The paper describes it pretty well in appendix C. A matrix of integrators is constructed with a bunch of opamps, RC time constants (using digital potentiometers, presumably) and a multichannel ADC/DAC interface to the PC. Essentially a dedicated differential-equation solver.
So it's a combination of old-school analog computation and modern GPU-based code. Takes longer in practice due to the overhead of interfacing with the hardware and waiting for the integrators to settle, but the authors are claiming that an optimized implementation could outperform a purely-digital solution, as I understand it, by accelerating convergence.
The core idea being that conventional gradient descent is a linear operation at heart, while the gradients actually being traversed are curved surfaces that have to be approximated with multiple unnecessary steps if everything is done in the digital domain.

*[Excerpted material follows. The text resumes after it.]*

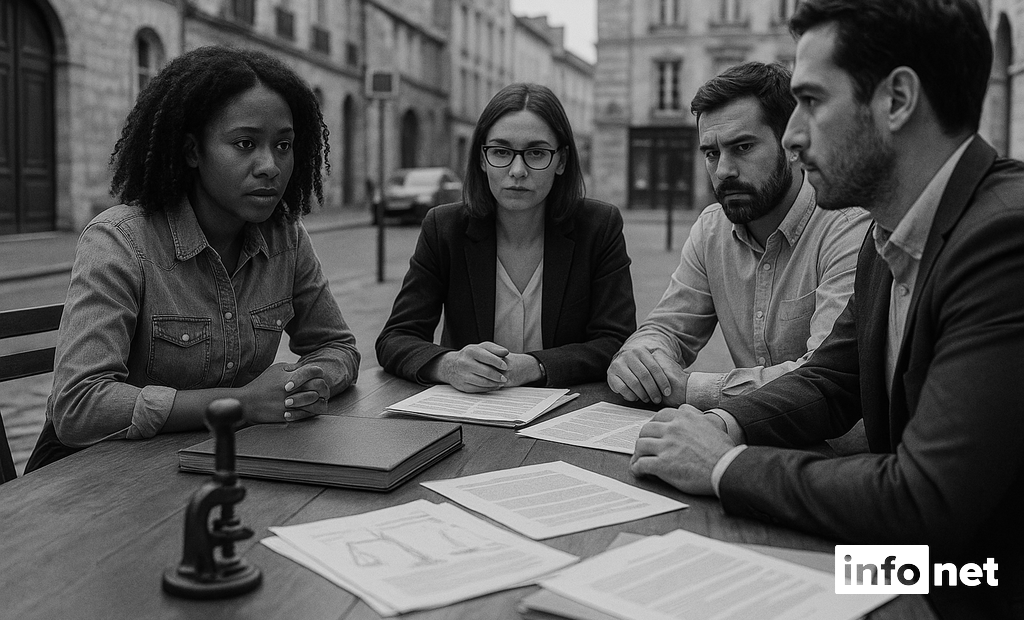 Nouveau cadre pour l'égalité des salaires en France d'ici 2026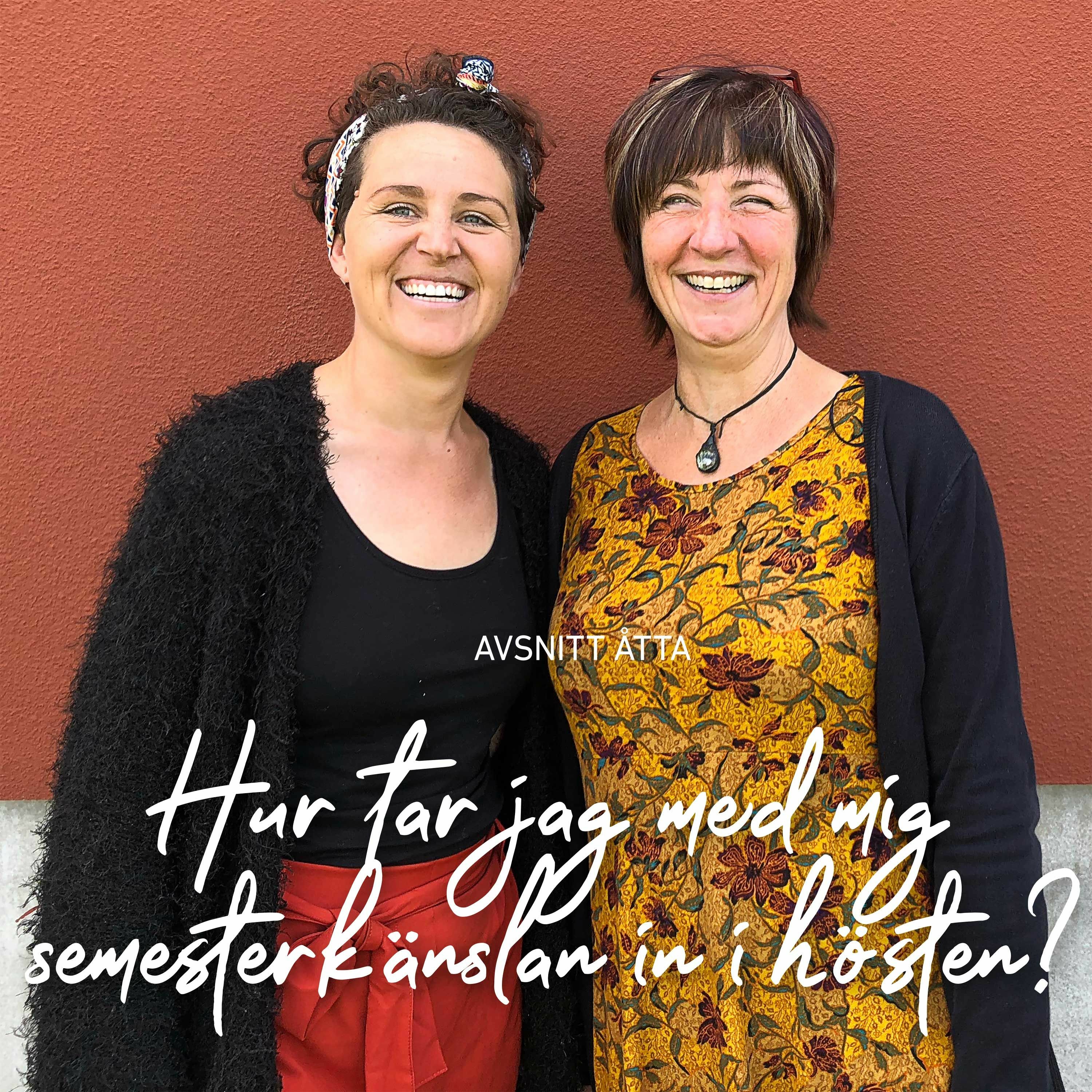 Viktigt på riktigt- Haraldsdotter & Kensén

The trouble, as everybody from Seymour Cray onward has learned the hard way, is that CMOS always wins in the end, simply because the financial power of an entire industry goes into optimizing it.
First author of the paper here. That's it indeed! One thing is that this is entirely CMOS-compatible. You could also do something similar with optics or other platforms, but we chose electronic circuits for this reason specifically.
By that remark I meant "digital CMOS," in the sense of elements that store state information discretely in flip-flops or gate insulators rather than continuously with analog integrators.
Very cool work in any event, though! Best of luck with the ongoing R&D.
I didn't realize they included details about the hardware. Lie you said these just look like analog computers, compute in memory, analog arrays, which have also made a resurgence with deep leaning.
Yes, digital wins over analog because of all the money that went into digital. I am wondering if one could create a digital analog computer by using pwm instead of analog signals.
The whole point is to leverage the laws of nature to train AI models, overcoming the limitations and scaling challenges of digital hardware and existing training methods.
I believe one example would be quantum annealers. Where "programming" involves setting the right initial conditions and allowing thermodynamics to bring you to an optimum via relaxation.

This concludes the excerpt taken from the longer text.